La Russia interviene con oltre 100 raid aerei contro Isis nel deserto di Badia. Obiettivo: neutralizzare i miliziani, che stanno seminando il panico tra i soldati. Soprattutto dopo che hanno alzato il tiro contro il SAA

La Russia ha effettuato oltre 100 raid aerei contro Isis nel deserto di Badia nelle ultime 48 ore. Lo conferma l’Osservatorio Siriano per i Diritti Umani (SOHR). Ciò a seguito della richiesta di aiuto dell’esercito siriano (SAA), pressato dalle continue imboscate dei jihadisti IS nell’area, che recentemente hanno alzato il tiro. Gli attacchi ai soldati, infatti, non solo sono in forte aumento; ma diventano anche più persistenti e violenti. Non a caso, diversi militari sono stati fatti prigionieri dai miliziani. Peraltro, hanno cominciato a prendere di mira anche i pullman che trasportano le truppe sulle autostrade da Raqqa a Damasco e tra Raqqa e Aleppo. Ci sono già stati diversi episodi in questo senso negli ultimi giorni, con numerose vittime tra il SAA e i civili.

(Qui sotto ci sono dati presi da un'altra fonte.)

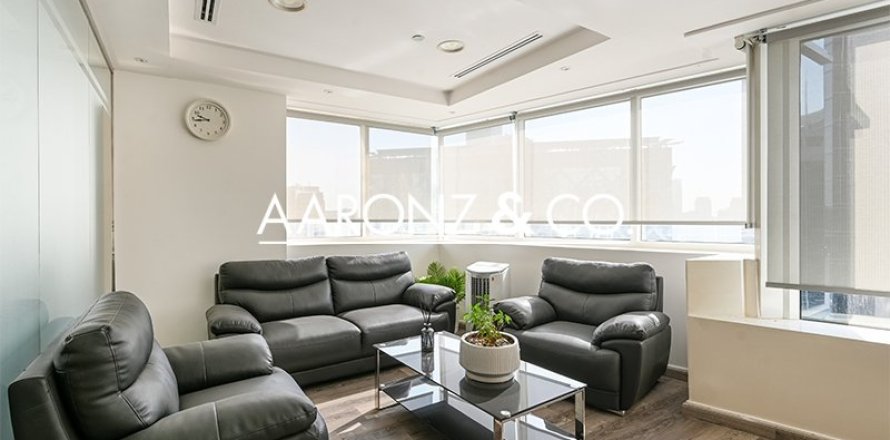 Офис в Бизнес-Бэе, Дубай, 95м², № 95982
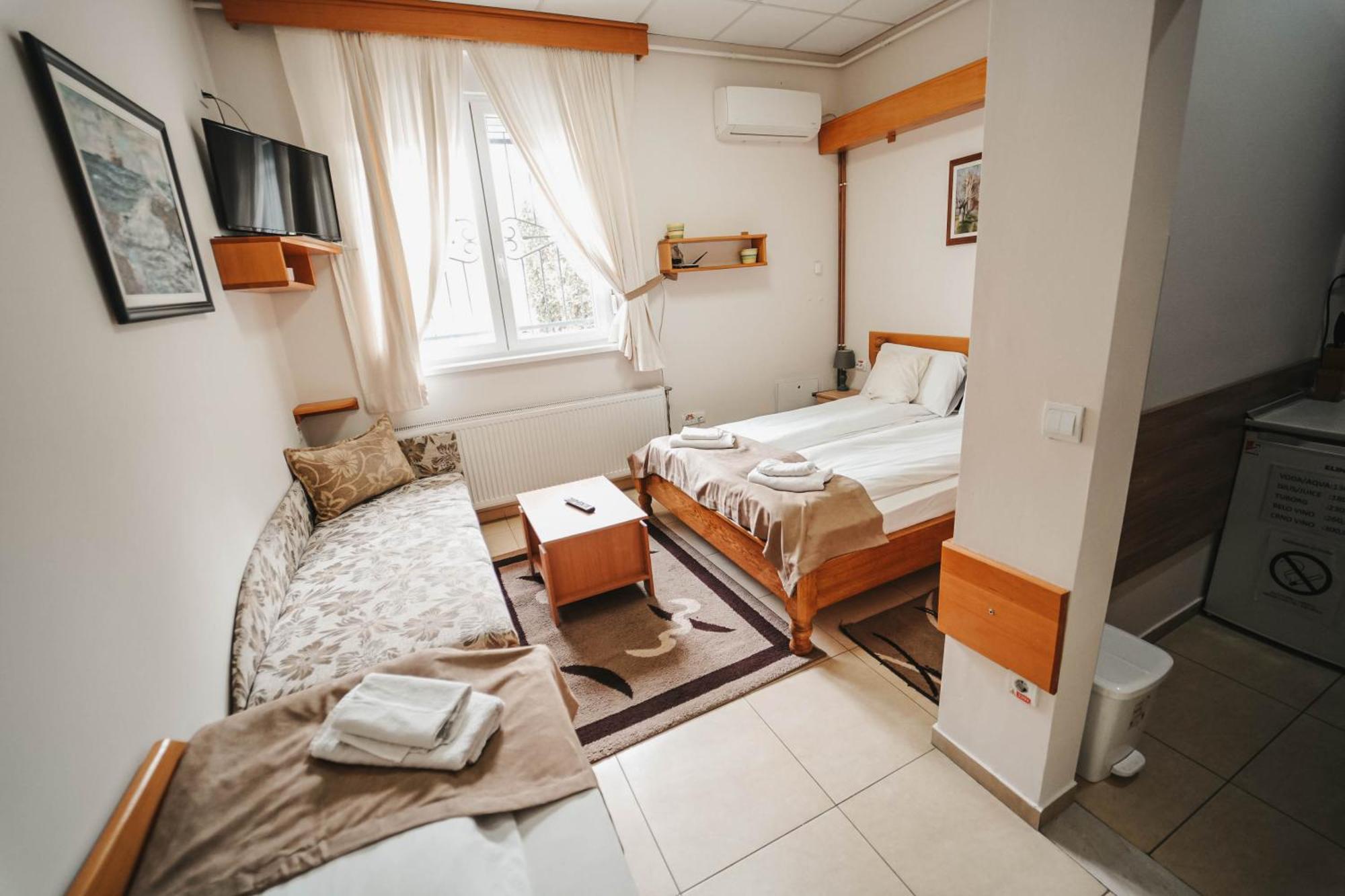 B&B Passage Sremska Mitrovica Dış mekan fotoğraf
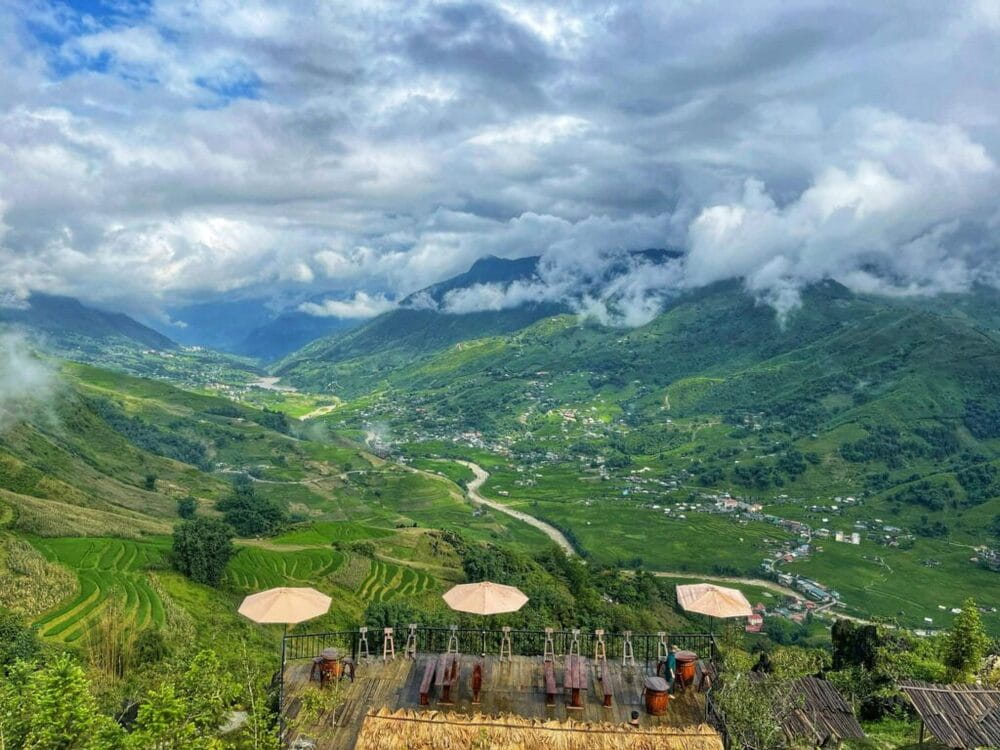 Ngắm thung lũng Tả Văn từ trên cao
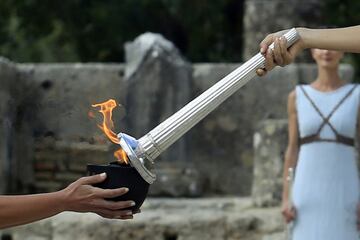 Se realizó la tradicional ceremonia en Olimpia. El primer deportista en portar la antorcha ha sido el griego Apostolos Aggelis.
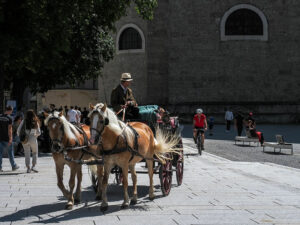 caleche-cycliste-residenzplatz-salzburg-autriche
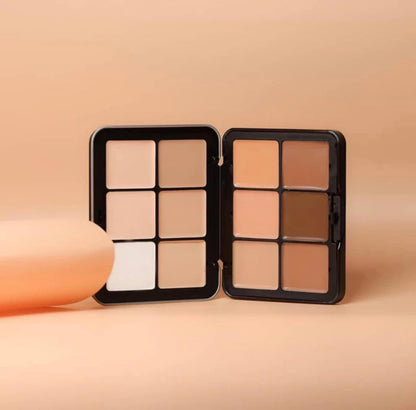 Carla Secret Full Face Concealer And Contour Palette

IS tra Deir Ezzor-Hama, Raqqa e Aleppo ha adottato una nuova strategia contro l’esercito siriano ed è preparato ad affrontare i raid russi

I jihadisti Isis nel deserto di Badia tra Deir Ezzor-Hama, Aleppo e Raqqa hanno cambiato postura contro l’esercito siriano. Fino a poco tempo fa ne adottavano una prettamente difensiva, tesa a neutralizzare ogni tentativo di attacco da parte del SAA. Poi, recentemente, sono passati a una a una più offensiva. L’obiettivo di IS è duplice: da una parte colpire preventivamente i soldati, in modo da ridurre la loro capacità organizzativa e obbligarli a inseguire le mosse dei jihadisti invece di anticiparle. Dall’altra, alimentare il caos e il panico tra i soldati – per minare il loro morale – e tra la popolazione, in modo da mantenere il sostegno estorto con la forza. I raid russi, peraltro, nonostante vengano effettuati con cadenza quasi quotidiana, finora non sono però stati efficaci come sperato. Ciò in quanto i terroristi se li aspettano e hanno già preparato tutte le contromisure del caso.